6月19日、日本郵政の野村不動産買収計画が白紙になったと一斉に報道がありました。買収検討に入ったとの報道が5月12日、僅か1カ月強で巨額買収計画は頓挫したわけです。不動産業界始まって以来の大型買収は、なぜ流れてしまったのでしょうか。果たして、これで終わりなのでしょうか、はたまた次なる展開があるのでしょうか。買収の報道時に「日本郵政が野村不動産を買収?マンション「プラウド」の価格はどうなる?」を寄稿いただいた、株式会社FP-MYS 工藤崇代表に聞きました(リビンマガジンBiz編集部)。

各紙報道 (撮影=リビンマガジンBiz編集部)

2017年5月に「日本郵政、野村不動産を買収か?」という衝撃的なニュースの第一報が届き、本サイトに「日本郵政が野村不動産を買収?マンション「プラウド」の価格はどうなる?」を執筆しました。

あれから1カ月。「この段階でメディアに報じられて大丈夫なのか?」と、どこか危うさを内在していた合併劇は大方の予想通り、白紙撤回となりました。その白紙撤回の報もまた、メディアによって一斉に取り上げられました。6月19日に野村不動産から正式に買収交渉中止の発表が出されるも、あまり当事者の顔が見えない買収劇に強い違和感を覚えた人も少なくはないでしょう。

報道された時点で買収する気はなかった?

今回の買収断念の理由は、各紙報道によると「野村不動産の株価が高止まりし、金銭的な諸条件面で、交渉が折り合わなかった」と発表されています。
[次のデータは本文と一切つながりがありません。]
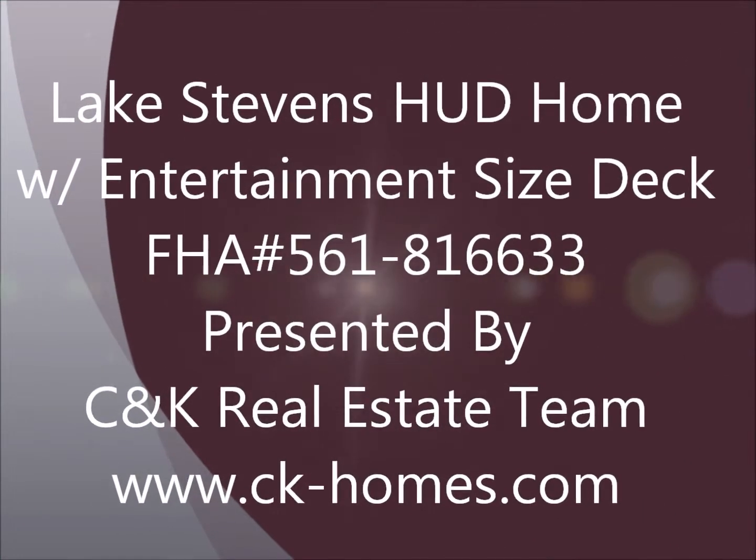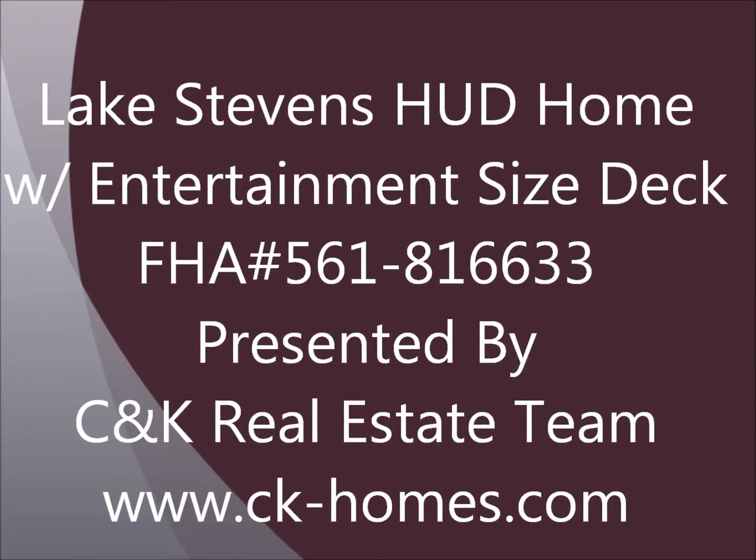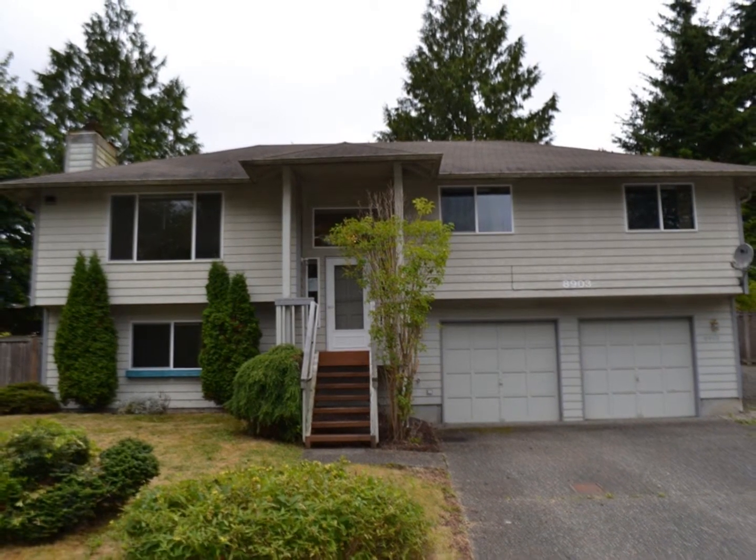Thank you for taking time to visit our HUD property and welcome to Lake Stevens, Washington. A HUD is a great opportunity to purchase as your own home. This beautiful neighborhood in Lake Stevens is close to schools and parks.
しかし、日本郵政は「(買収を)検討している事実はない」とコメントして買収交渉そのものを否定しました。一方で、野村不動産は「中止することになった」と発表し、少なくとも交渉はあったととれる意見を公表しています。

双方の意見に食い違いや温度差を感じますが、仮に交渉があったとして、買収が実現する可能性は低かったのでないかと筆者は考えます。それはなぜでしょうか。

2017年3月期の決算において、日本郵政は連結赤字に転落しました。これは、2007年の民営化後初のできごとです。理由は、2015年に買収したオーストラリアの物流子会社の業績が低迷したことです。4,000億円もの損失を計上し、17年3月期は289億円の最終赤字になりました。こういった買収戦略の失敗については、投資家から強い批判を受けていました。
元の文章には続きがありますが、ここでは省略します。